[Extracted data entries]
═══
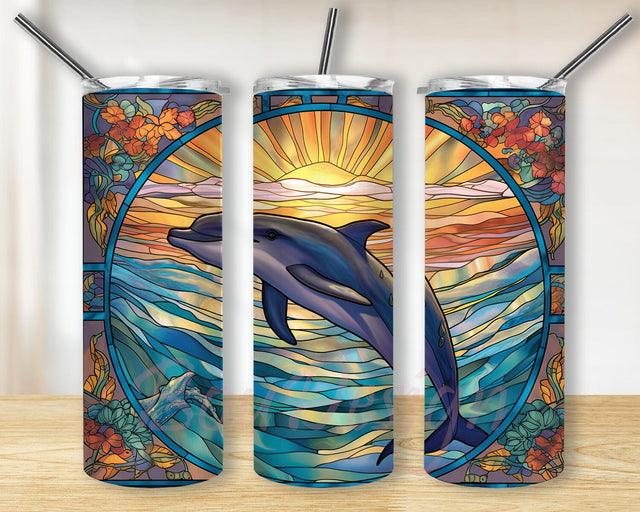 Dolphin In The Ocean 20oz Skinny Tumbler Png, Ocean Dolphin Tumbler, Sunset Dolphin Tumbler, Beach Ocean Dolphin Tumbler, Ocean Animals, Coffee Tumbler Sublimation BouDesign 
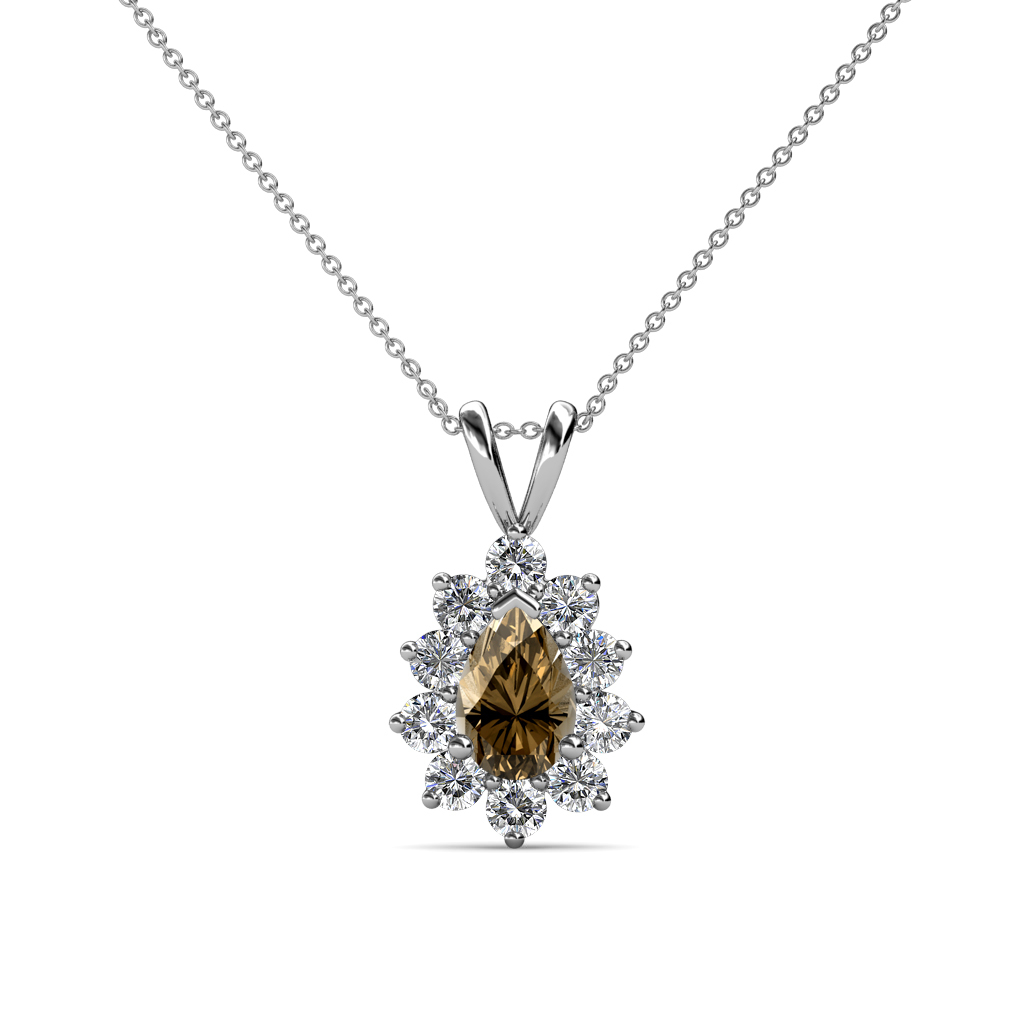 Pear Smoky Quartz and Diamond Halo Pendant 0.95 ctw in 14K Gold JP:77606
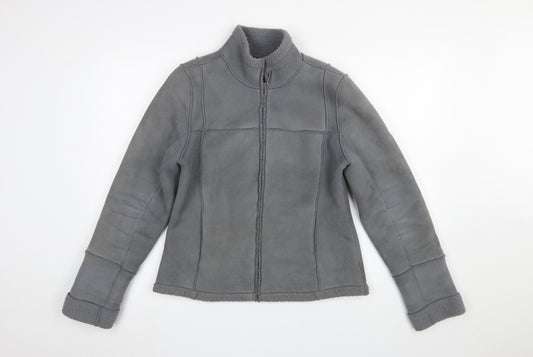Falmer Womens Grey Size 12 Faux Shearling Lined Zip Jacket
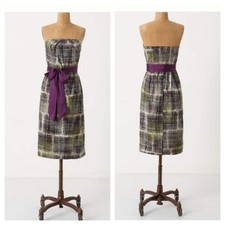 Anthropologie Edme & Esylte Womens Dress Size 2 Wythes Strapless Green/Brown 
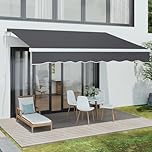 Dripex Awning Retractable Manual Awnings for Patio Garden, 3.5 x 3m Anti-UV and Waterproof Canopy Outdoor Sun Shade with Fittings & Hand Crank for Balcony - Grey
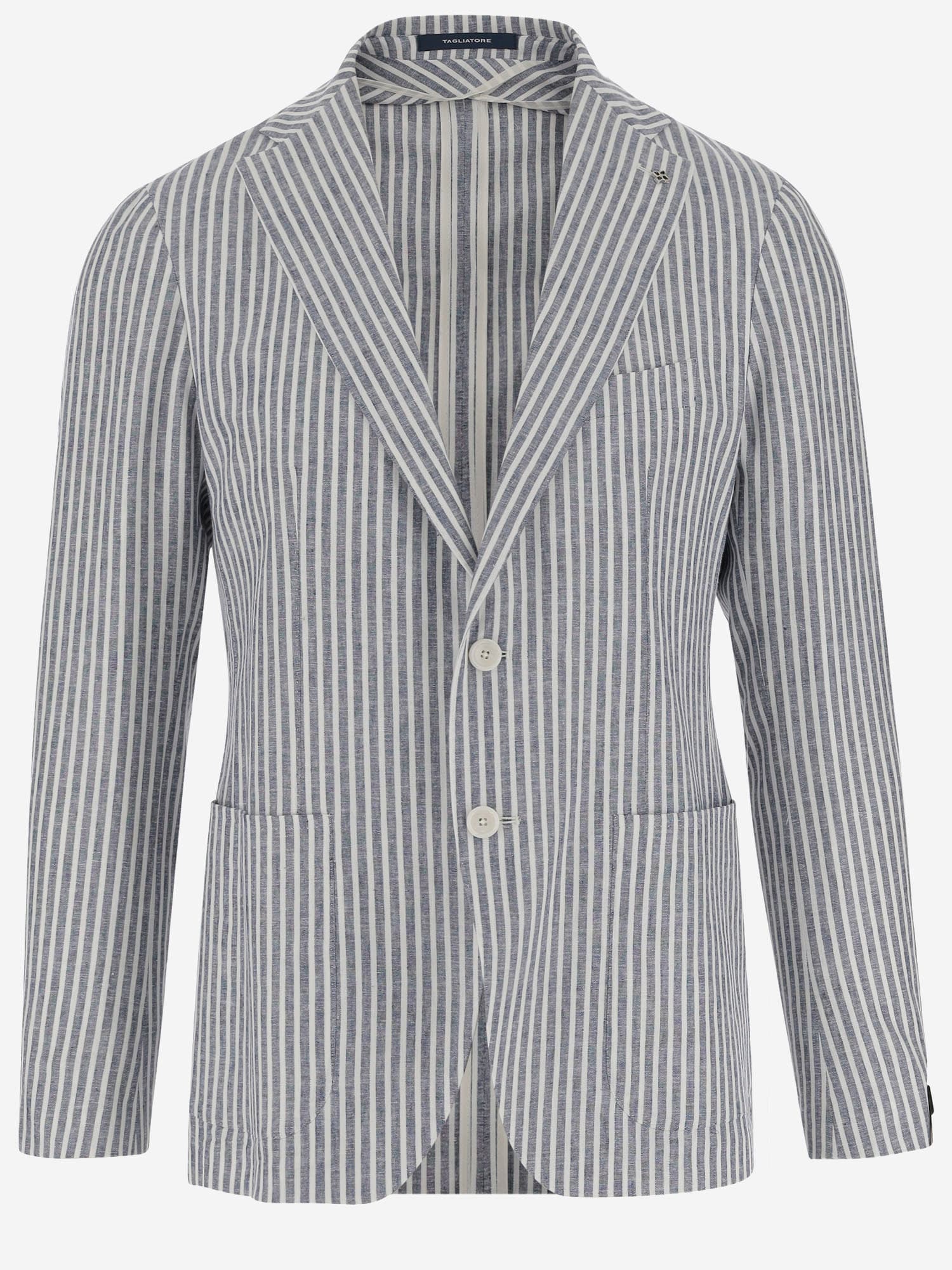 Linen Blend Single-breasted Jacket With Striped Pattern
═══
AIM OF THE TASK: Copy nothing but the lines from the top of the data down to the line containing "Anthropologie Edme &", and leave the pictures out.

YOUR RESPONSE:
 Dolphin In The Ocean 20oz Skinny Tumbler Png, Ocean Dolphin Tumbler, Sunset Dolphin Tumbler, Beach Ocean Dolphin Tumbler, Ocean Animals, Coffee Tumbler Sublimation BouDesign 
 Pear Smoky Quartz and Diamond Halo Pendant 0.95 ctw in 14K Gold JP:77606
Falmer Womens Grey Size 12 Faux Shearling Lined Zip Jacket
 Anthropologie Edme & Esylte Womens Dress Size 2 Wythes Strapless Green/Brown 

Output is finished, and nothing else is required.